Set down the line that contains "Italienisch Brainrot Los" and every line after it to the end of the entries, exactly as they stand and nothing more.

*** PROVIDED DATA ***

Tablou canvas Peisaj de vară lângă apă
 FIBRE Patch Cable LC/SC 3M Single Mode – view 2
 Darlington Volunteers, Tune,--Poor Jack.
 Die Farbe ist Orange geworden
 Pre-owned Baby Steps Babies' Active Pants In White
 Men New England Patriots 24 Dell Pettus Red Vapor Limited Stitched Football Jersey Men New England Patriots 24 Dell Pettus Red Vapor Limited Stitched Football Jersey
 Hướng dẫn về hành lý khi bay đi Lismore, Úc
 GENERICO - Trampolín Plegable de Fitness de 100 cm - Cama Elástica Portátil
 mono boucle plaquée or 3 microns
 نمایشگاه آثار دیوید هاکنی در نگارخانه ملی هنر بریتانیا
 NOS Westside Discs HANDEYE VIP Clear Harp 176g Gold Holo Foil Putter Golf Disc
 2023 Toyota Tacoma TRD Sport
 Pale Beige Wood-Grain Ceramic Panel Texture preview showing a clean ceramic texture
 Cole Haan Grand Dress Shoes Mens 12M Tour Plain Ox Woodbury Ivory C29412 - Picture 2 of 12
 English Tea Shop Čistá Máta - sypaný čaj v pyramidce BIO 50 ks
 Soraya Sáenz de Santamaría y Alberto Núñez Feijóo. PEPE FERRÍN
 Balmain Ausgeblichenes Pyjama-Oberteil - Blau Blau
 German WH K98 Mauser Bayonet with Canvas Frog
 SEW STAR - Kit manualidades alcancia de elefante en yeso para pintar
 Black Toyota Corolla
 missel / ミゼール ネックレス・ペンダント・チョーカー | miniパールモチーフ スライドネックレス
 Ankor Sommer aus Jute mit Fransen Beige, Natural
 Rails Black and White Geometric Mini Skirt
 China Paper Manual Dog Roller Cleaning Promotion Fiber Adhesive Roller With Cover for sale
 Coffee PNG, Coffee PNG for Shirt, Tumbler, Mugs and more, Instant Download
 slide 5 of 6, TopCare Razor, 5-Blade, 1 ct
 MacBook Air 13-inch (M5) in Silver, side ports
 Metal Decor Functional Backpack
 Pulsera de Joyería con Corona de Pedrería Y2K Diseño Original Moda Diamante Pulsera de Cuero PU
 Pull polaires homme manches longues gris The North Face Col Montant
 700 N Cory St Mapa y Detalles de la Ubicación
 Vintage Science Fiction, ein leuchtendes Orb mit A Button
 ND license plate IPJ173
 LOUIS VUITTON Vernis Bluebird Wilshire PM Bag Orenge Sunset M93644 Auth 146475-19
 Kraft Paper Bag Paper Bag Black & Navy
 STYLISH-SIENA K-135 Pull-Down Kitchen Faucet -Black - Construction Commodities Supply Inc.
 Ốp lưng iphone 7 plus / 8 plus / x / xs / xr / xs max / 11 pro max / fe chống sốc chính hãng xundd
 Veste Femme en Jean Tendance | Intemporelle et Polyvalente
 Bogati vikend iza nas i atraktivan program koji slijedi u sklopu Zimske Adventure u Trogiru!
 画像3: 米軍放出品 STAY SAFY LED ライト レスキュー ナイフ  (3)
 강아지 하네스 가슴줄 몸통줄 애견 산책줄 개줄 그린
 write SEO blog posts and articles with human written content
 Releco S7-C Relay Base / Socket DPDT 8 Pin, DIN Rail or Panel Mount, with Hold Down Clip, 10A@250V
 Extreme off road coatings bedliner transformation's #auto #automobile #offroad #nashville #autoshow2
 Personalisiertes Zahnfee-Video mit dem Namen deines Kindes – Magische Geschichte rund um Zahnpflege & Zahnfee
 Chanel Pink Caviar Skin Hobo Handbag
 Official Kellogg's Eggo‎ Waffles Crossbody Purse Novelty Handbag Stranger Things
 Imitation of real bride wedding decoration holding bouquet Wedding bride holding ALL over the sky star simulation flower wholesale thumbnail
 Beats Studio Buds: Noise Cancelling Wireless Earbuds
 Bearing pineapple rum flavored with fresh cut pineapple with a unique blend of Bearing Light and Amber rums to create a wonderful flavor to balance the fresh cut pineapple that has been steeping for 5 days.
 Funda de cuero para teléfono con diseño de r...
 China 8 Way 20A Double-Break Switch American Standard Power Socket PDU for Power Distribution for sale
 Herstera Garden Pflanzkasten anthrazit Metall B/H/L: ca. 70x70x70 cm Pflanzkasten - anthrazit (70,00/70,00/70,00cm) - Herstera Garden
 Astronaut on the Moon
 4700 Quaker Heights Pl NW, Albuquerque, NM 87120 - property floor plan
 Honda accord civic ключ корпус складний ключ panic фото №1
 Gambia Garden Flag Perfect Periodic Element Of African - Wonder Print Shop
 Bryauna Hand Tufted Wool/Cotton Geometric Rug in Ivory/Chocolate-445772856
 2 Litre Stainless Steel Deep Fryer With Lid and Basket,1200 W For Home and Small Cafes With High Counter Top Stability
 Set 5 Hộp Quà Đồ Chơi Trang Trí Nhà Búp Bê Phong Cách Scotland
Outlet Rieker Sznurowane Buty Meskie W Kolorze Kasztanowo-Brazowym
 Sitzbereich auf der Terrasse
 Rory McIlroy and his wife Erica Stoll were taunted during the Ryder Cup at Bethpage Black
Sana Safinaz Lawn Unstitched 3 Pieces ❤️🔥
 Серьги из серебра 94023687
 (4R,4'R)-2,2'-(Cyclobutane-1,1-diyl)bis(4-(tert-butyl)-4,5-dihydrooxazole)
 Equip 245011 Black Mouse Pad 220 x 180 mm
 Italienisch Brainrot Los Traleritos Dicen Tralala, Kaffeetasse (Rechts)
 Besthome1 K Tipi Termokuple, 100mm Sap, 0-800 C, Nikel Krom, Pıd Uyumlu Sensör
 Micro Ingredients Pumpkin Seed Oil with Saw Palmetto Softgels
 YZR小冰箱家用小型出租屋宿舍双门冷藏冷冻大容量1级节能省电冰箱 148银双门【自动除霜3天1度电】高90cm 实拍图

*** End of PROVIDED DATA ***

### ANSWER
 Italienisch Brainrot Los Traleritos Dicen Tralala, Kaffeetasse (Rechts)
 Besthome1 K Tipi Termokuple, 100mm Sap, 0-800 C, Nikel Krom, Pıd Uyumlu Sensör
 Micro Ingredients Pumpkin Seed Oil with Saw Palmetto Softgels
 YZR小冰箱家用小型出租屋宿舍双门冷藏冷冻大容量1级节能省电冰箱 148银双门【自动除霜3天1度电】高90cm 实拍图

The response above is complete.